Frontier Markets ETF and news on markets
In the latest issue of "Global Investor" from Credit Suisse, analysts and external specialists take an in-depth look at so-called frontier markets - developing economies that have only recently caught investors' attention. Credit Suisse Research has developed an index to identify global frontier markets, and an ETF is under development. By investing in frontier markets and an index at an early stage, investors can exploit the advantages of early market entry in countries such as Vietnam, Peru or Kazakhstan over the long term and thus participate in their economic growth.
Traditional emerging markets such as the BRIC countries (Brazil, Russia, India, and China) can look back on exceptionally good economic performance since 2000. In the 1980s and 1990s, these markets were still experiencing high national deficits and had developed little in economic terms. In recent years, however, they have benefited enormously from the growth surge that has accompanied globalization.

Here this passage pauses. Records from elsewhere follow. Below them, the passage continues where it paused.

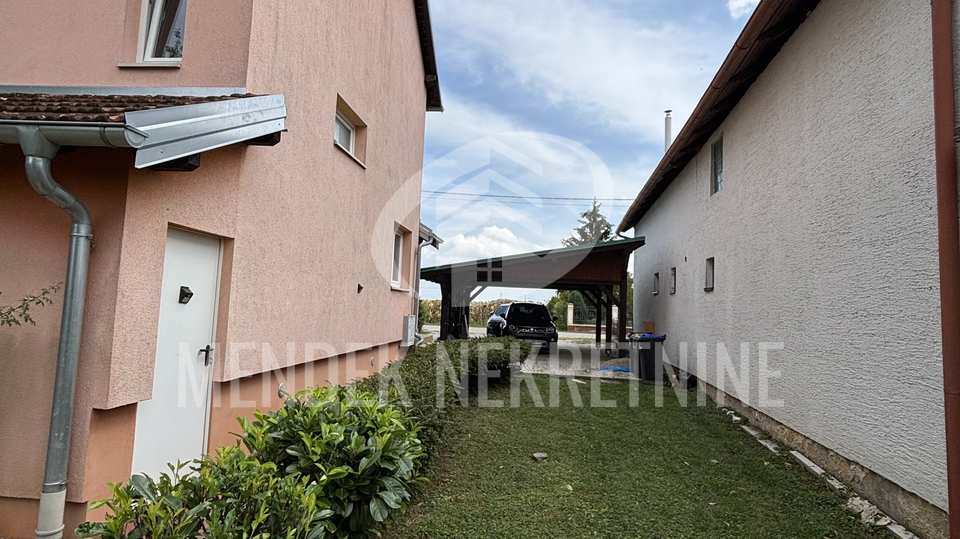House&comma; 160 m2&comma; For Sale&comma; Trnovec Bartolove&ccaron;ki - &Zcaron;abnik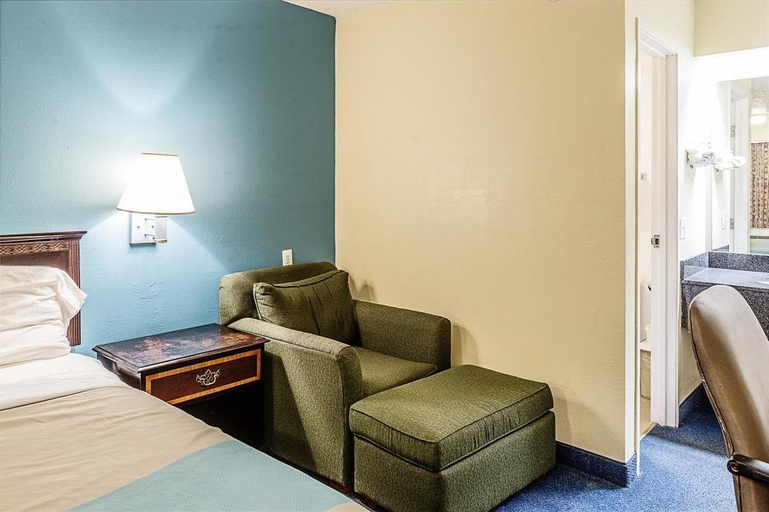 Exterior & Views 2, Motel 6 Saginaw - Frankenmuth, Saginaw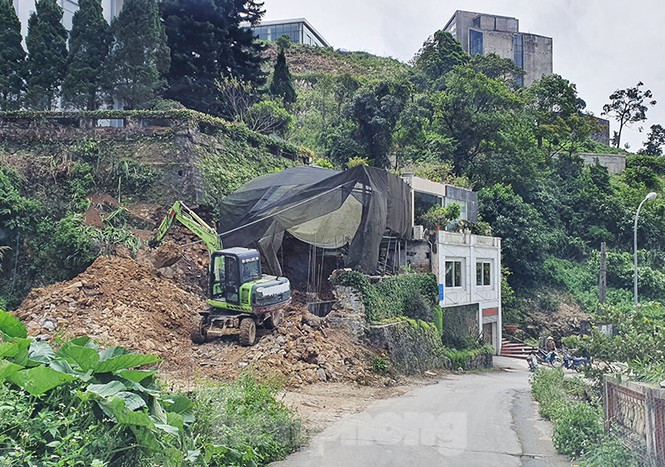 Xúc đất, san gạt tại trung tâm thị trấn Tam Đảo. Nơi ngã 3 đường Thác Bạc khá sầm uất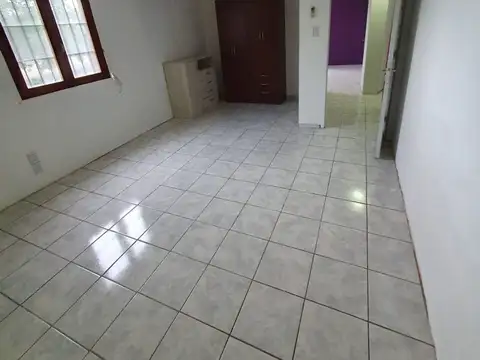 Alquiler casa con pileta en Las Compuertas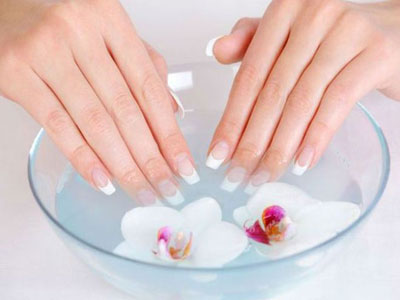 Πώς να διατηρείτε το χρώμα των νυχιών σας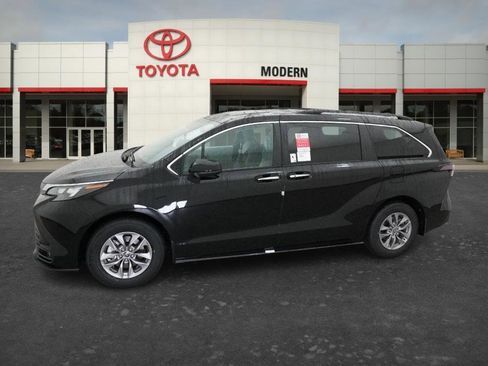 New 2026 Toyota Sienna XLE image 2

Financial services providers and international investors were quick to identify this positive development, which is why the range of financial products and the inflow of resources into these countries have grown significantly, particularly since 2003. While the BRIC countries had a share of just 4% of global market capitalization at the end of 2003, this figure has now risen to over 14%, which is more or less equivalent to their share of global gross domestic product (GDP). At the same time, their valuations have risen and the MSCI Emerging Markets index has gained in value compared to the MSCI World index in 2007.
Frontier Markets on the Brink of Future Growth
Nowadays, however, the traditional emerging markets are no longer influenced by the same economic momentum as in previous years. Some countries that are still generally referred to as emerging markets, such as Korea, now have a very similar economic profile to the developed countries. Investors should now be focusing on the "new" emerging markets - the frontier markets. By looking beyond the traditional emerging markets and extending their geographic focus, investors can invest in countries, using exchange traded funds (ETF), that are still undergoing development. Investing in these countries at an early stage is advantageous as many of these markets had been overlooked until now or were inaccessible in some cases. In order to be successful, investors have to identify those markets that demonstrate the same characteristics as the traditional emerging markets did before they improved their economic status.